## [Work required]
Using the records below, copy exactly the part that opens with the line holding "By using two" and closes with the line holding "The Google Pixel", minus the pictures.

-- -- --

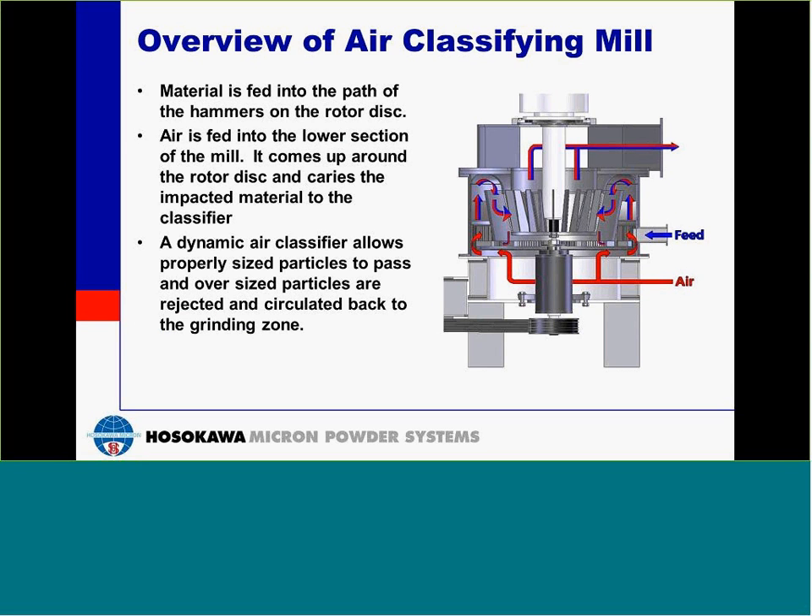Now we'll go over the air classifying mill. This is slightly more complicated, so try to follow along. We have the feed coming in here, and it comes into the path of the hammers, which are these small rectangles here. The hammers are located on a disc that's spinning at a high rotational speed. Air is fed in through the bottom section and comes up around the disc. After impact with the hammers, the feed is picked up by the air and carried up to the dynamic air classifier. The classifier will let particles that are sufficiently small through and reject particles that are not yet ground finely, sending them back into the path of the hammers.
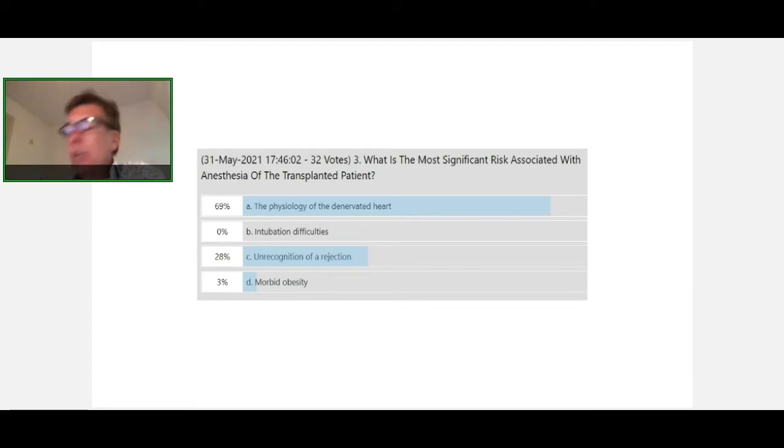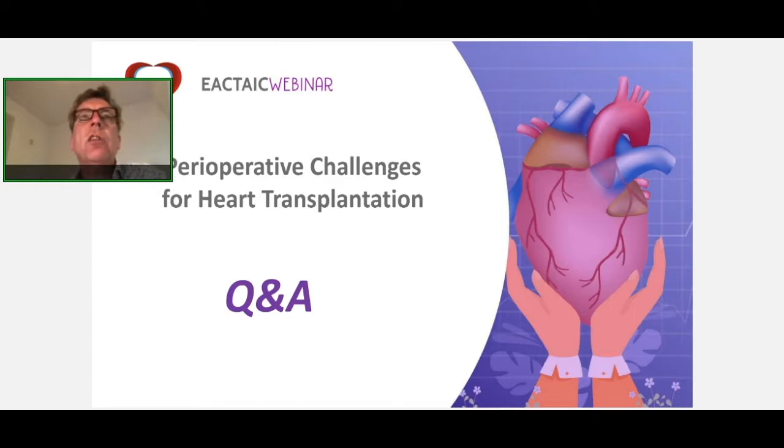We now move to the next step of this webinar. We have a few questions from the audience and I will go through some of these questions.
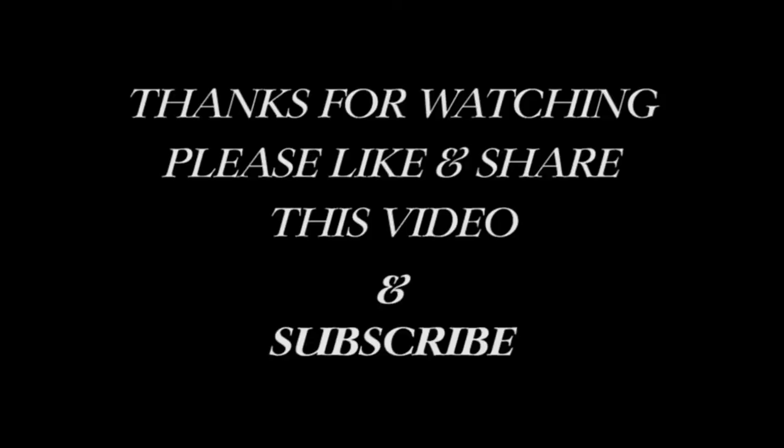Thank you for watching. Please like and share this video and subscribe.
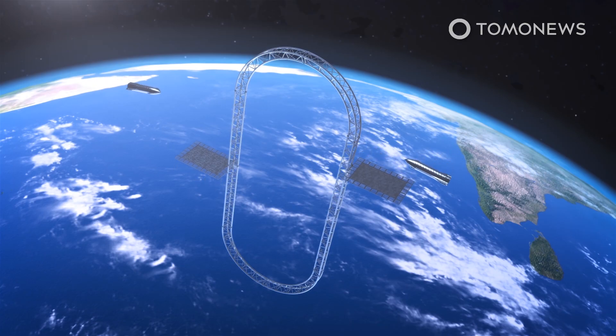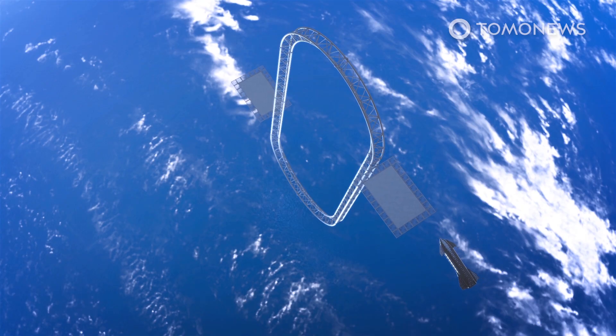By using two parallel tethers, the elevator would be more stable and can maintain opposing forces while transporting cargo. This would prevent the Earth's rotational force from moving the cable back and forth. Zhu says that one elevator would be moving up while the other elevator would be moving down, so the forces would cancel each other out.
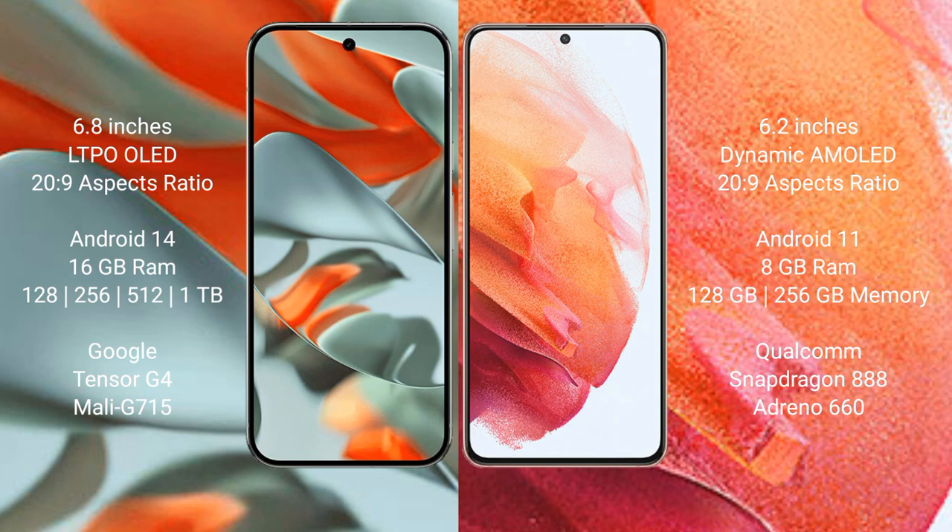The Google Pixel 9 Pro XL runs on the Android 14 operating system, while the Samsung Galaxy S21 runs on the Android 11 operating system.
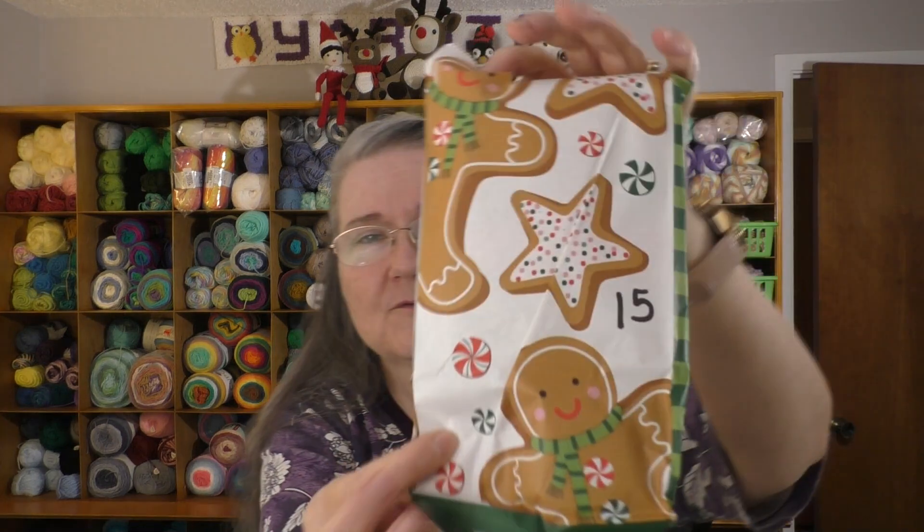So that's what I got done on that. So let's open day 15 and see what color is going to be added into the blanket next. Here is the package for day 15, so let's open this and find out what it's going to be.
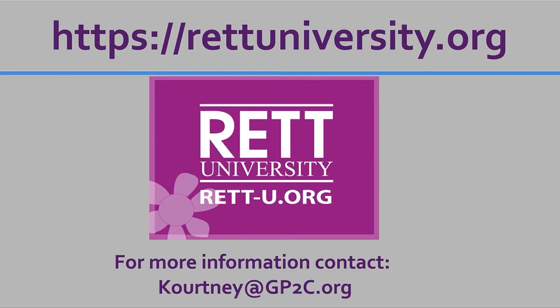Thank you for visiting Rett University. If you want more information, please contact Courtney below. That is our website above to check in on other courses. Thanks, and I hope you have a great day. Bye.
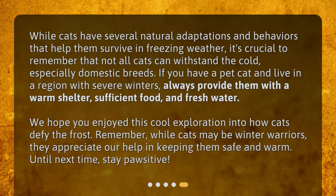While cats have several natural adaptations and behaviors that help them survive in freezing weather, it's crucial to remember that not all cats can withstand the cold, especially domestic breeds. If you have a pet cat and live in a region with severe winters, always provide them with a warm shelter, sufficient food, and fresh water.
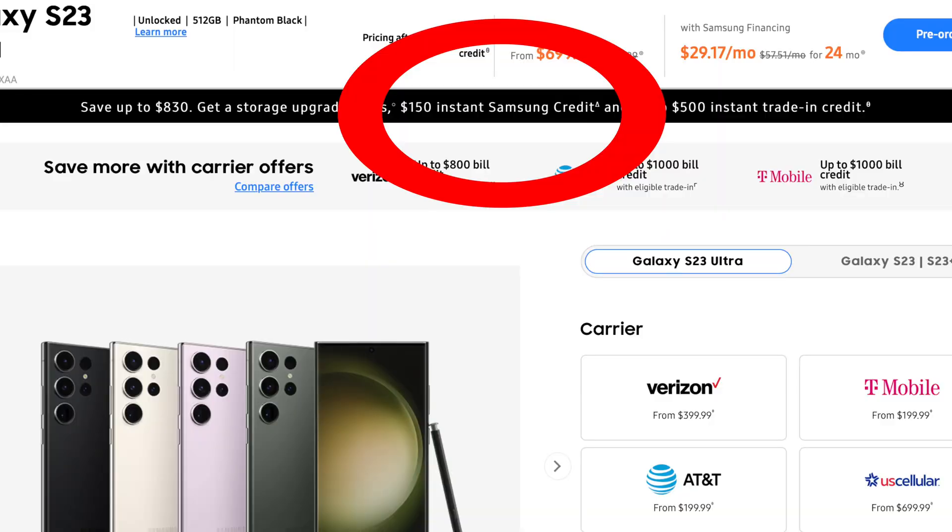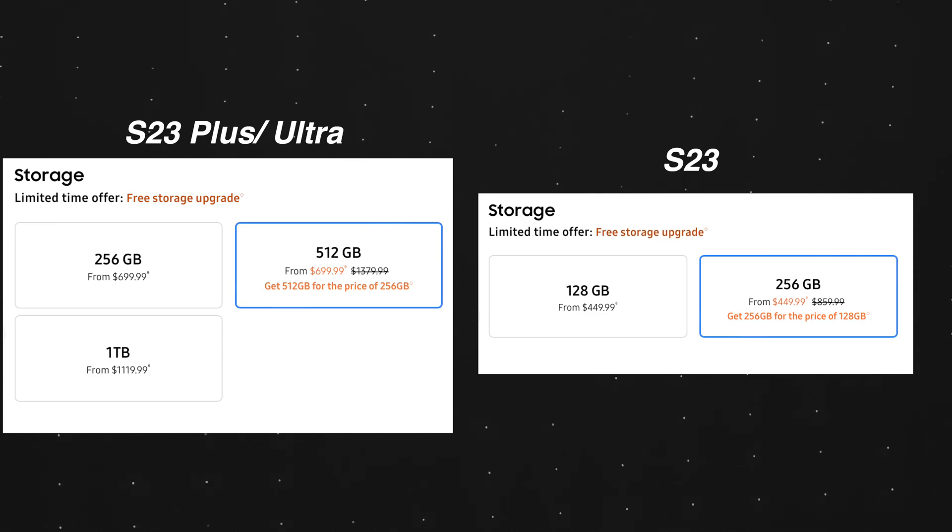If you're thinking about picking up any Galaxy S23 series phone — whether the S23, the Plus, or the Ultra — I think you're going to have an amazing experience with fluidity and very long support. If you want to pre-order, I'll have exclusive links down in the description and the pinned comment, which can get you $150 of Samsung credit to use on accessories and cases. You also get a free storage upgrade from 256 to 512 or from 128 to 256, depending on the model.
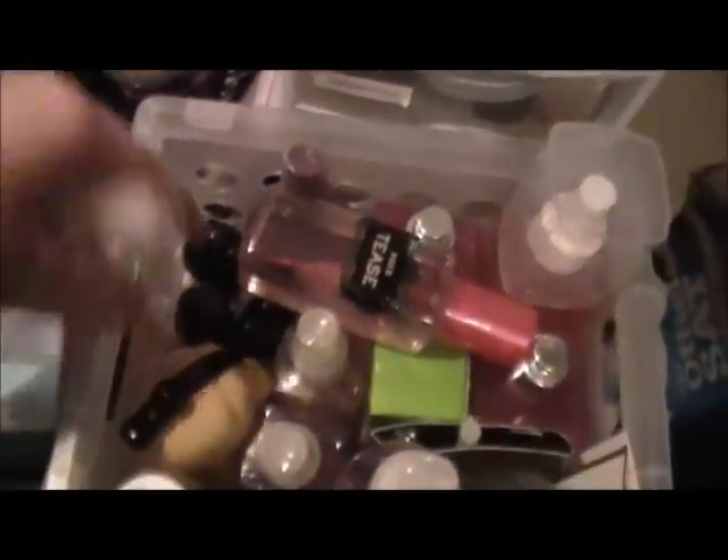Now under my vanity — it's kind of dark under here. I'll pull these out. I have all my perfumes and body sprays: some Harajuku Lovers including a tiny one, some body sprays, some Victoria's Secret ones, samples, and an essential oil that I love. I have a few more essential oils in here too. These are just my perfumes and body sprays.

-- -- --

## [Final answer]
By using two parallel tethers, the elevator would be more stable and can maintain opposing forces while transporting cargo. This would prevent the Earth's rotational force from moving the cable back and forth. Zhu says that one elevator would be moving up while the other elevator would be moving down, so the forces would cancel each other out.
The Google Pixel 9 Pro XL runs on the Android 14 operating system, while the Samsung Galaxy S21 runs on the Android 11 operating system.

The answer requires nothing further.